I remember talking to a friend, who said that I had always seemed old, as if I had been born an adult, and that was the light-bulb moment. Although Mercy is still "technically" a child in her mother's womb, in her head, she is an adult, operating a body that just doesn't function properly yet.
In a way, writing The Mercy Step was an exercise in going back and interviewing my younger self. Although Mercy is very different from me, she is who I would have been as a child, if I had had more confidence.
3You use Caribbean expressions such as "kissing the teeth", in the book. What was it like to weave in these details?

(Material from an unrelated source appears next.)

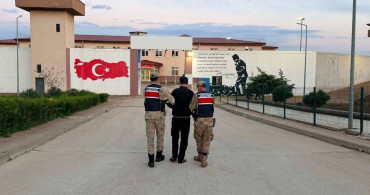 Gaziantep'te Hırsızlık Suçundan Aranan Şahıs Yakalandı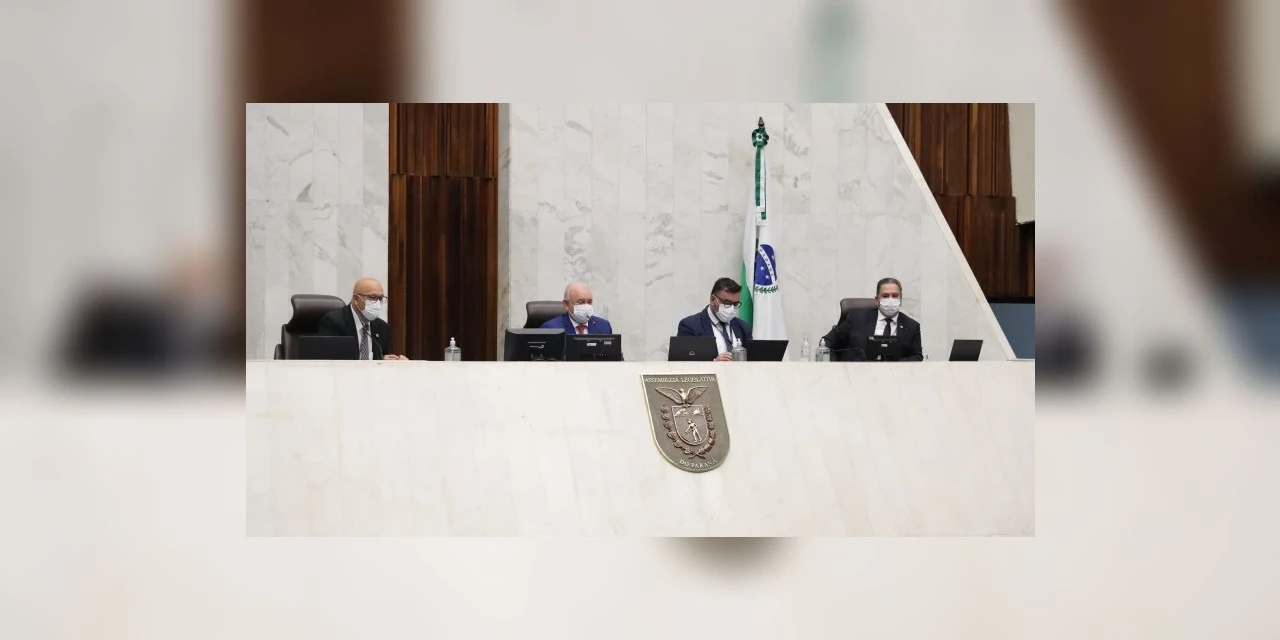 Deputados aprovam reajuste dos servidores do Paraná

It wasn't a challenge because I grew up in a household that spoke in Jamaican dialect. The difficulty was deciding how much Jamaican dialect to use. I decided to take Toni Morrison's advice and wrote my first draft in a "closed room". By which I mean I couldn't think about the reader while I was writing because I would have ended up censoring myself. I simply had to write the way I knew Mercy's family spoke, and hope that it resonated with the reader....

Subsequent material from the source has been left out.